The prize of physics went to the developers of graphene which is a fantastic form of carbon, one atom thick that may yet revolutionize technology.  Kudos to Drs. Drs. Andre Geim and Konstantin Novoselov, for brilliant work.  Just for the record, Andre Geim was involved in an Ignobel prize  project ten years ago, the levitation of frogs by magnetic fields. .
The literature prize went to a Peruvian writer Mario Vargas Llosa  who is another example of a dissident being recognized more abroad than at home. 

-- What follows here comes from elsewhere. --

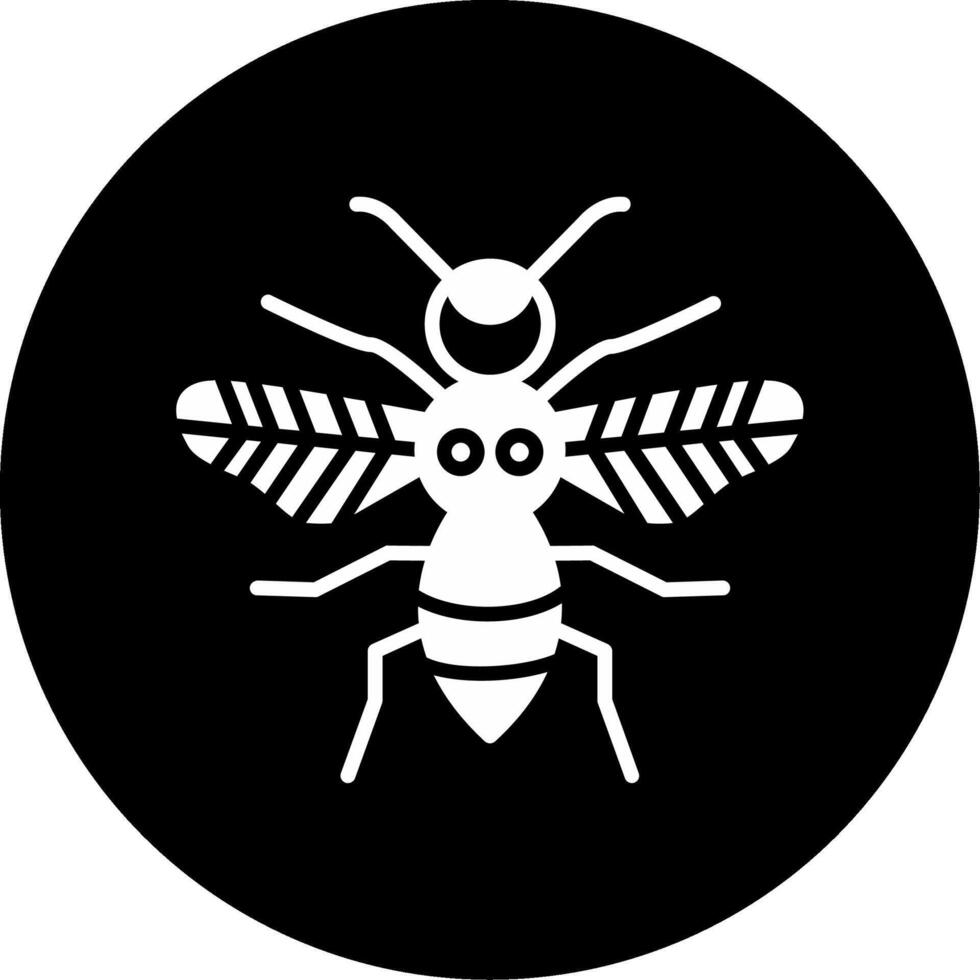 Black And Yellow Yellowjacket Glyph Circle Inverted vector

Our Neanderthal cousins have long had a bad press.  It is nice to hear that anthropologists are rethinking the stereotype and are drawing different conclusions.  The Neanderthals were apparently capable of making adjustments to environmental changes without the example of modern humans.

Artists Adrie and Alfons Kennis crafted this re-creation of a Neanderthal woman whose subspecies roamed Eurasia for almost 200,000 years. (Joe Mcnally/getty Images)  

New research is looking into the cerebral means of choosing right or left, albeit not in politics.  It seems that our brains have mechanisms for choosing which hand we use for a given task.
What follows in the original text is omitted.